→ REQUIRED ACTION
Your answer should be the entire listing, printed exactly.

→ EXERCISE DATA
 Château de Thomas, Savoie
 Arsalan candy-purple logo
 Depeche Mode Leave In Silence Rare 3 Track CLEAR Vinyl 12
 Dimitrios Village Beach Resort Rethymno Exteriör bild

→ WRITTEN REPLY
 Château de Thomas, Savoie
 Arsalan candy-purple logo
 Depeche Mode Leave In Silence Rare 3 Track CLEAR Vinyl 12
 Dimitrios Village Beach Resort Rethymno Exteriör bild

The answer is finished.